--- Data extract ---

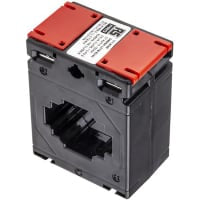 TRANSFORMADOR CORRIENTE, 150:5 A, los 40X11MM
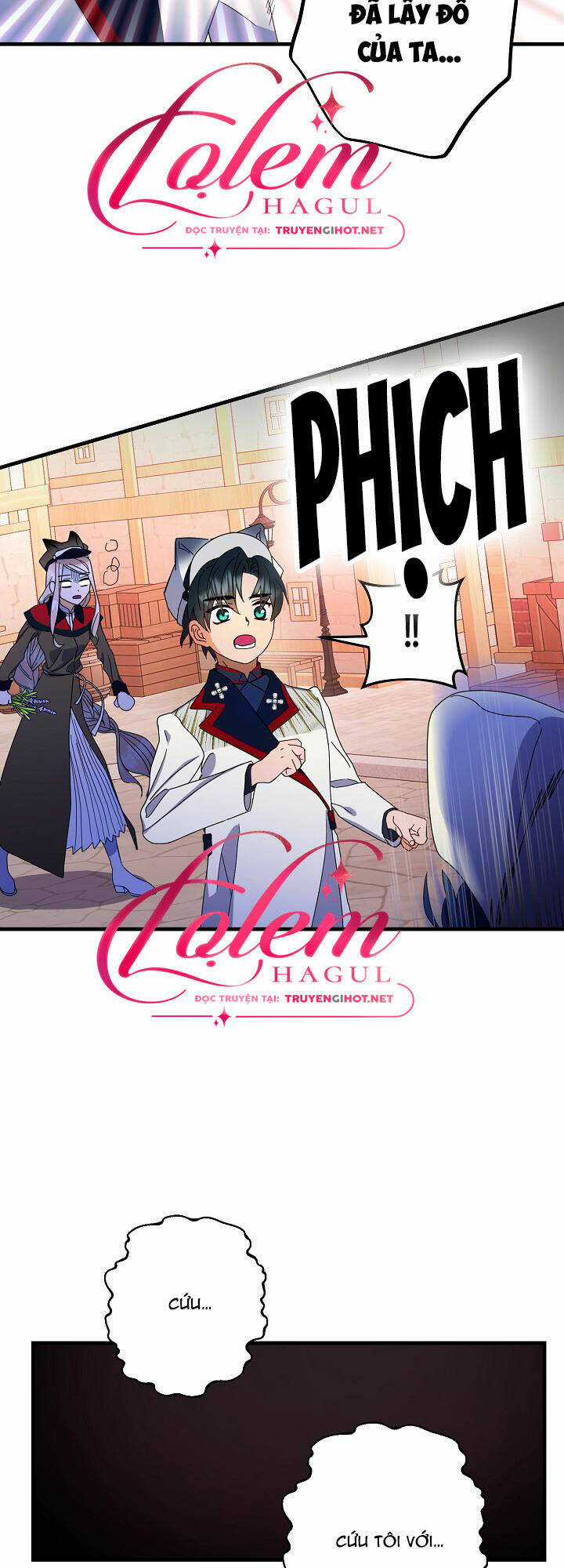 Cái Chết Thoải Mái Của Ác Nữ Công Chúa Chapter 10 trang 39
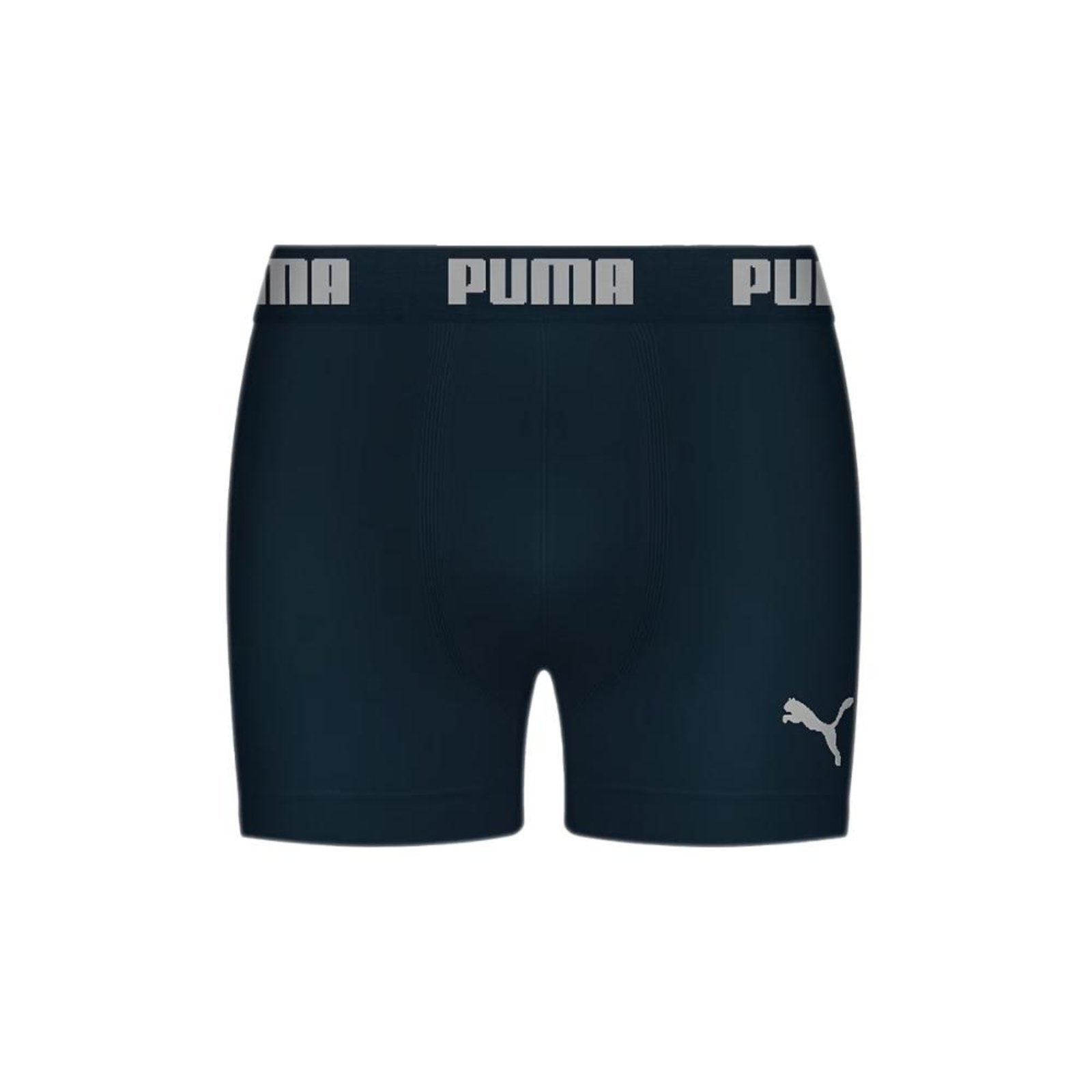 BOXER PUMA MASCULINA SEM COSTURA Azul Marinho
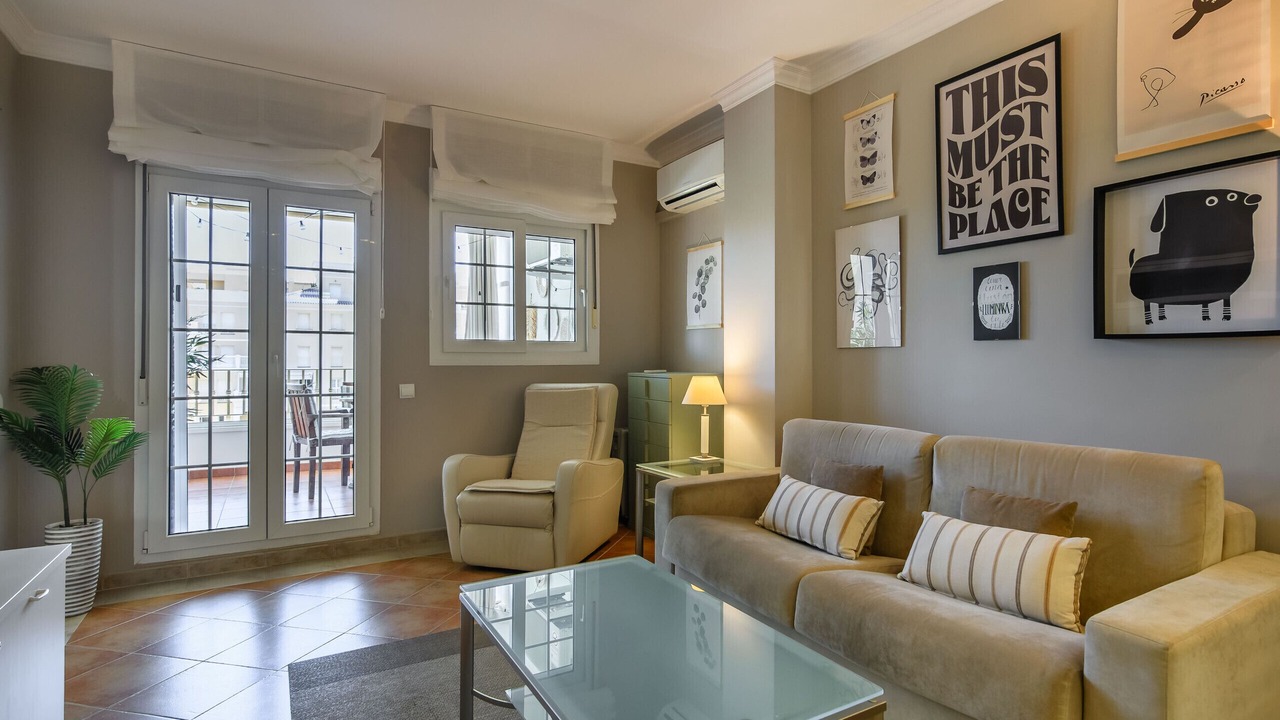 Photo of Livingroom in Punta del Moral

---

What you need to do: Every line of the listing must be reproduced exactly, though the pictures are to be left out.

Solution for this exercise:
 TRANSFORMADOR CORRIENTE, 150:5 A, los 40X11MM
 Cái Chết Thoải Mái Của Ác Nữ Công Chúa Chapter 10 trang 39
 BOXER PUMA MASCULINA SEM COSTURA Azul Marinho
 Photo of Livingroom in Punta del Moral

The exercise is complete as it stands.